Base equipment needed to start

Generally the first technique one learns is liquid culture. Not because it is the simplest, (well perhaps it's not), but it is achievable with easily foundable materials. Learning to work with agar jelly is the next step, but requires bit more expensive equipment and maybe a little more experience too, and we'll talk later about it.

In this post I will list the materials that you have to get to be able to implement your first experiments with liquid culture. This stuff is not difficult to find, but that is not granted to have at home :) Let's start:

1) Glass jars any, as these are fine. The thicker the glass is, the better results you'll have, due to much more resistance to sterilization cycles.

2) Polypropylene syringes (a type of plastic that is resistant to high temperatures), 10 or 20 ml, and that you will easily find in any pharmacy.

3) 18G needles, you will find these at the pharmacy aswell. Their color is rose, and are larger than those usually found with syringes.

4) Aquarium filter wool (polyfill). It is a synthetic wool that you can find in pet stores, or at the supermarket. Often it is used to stuff pillows.

6) Honey. The wildflower is just fine but the acacia is the clearest, and works better. You can also use Corn syrup or Maple syrup: actually they work even better. Then I will explain the details.

7) Distilled water; also tap water works, but often turns yellow after sterilization.

8) A pressure cooker. For this technique any is fine, no need a big as mine ;)

 

9) Finally, silicon paste, aluminum foil and a bit 'of elastic bands of medium width. I guess there's no need for pictures :)

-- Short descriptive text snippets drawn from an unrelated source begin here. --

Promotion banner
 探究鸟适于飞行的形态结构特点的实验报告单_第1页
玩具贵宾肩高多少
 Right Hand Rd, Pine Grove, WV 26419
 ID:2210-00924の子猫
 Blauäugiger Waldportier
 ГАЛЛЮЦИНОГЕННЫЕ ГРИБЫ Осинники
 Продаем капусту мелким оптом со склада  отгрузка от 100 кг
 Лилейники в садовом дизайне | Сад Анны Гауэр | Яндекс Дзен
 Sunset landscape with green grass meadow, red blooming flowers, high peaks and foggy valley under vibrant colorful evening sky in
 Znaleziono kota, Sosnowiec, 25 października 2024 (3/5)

10) Optional: they are not essential but are good to have: a precision scale like this, you are on the web a few bucks. It will help to measure out the honey, alternatively we can do "by eye" ...

... and a kitchen flame torch like this one. It will help to sterilize syringe needle. Alternatively we can use the heat of the kitchen stove.

In the next posts I will explain how to use all this good stuff.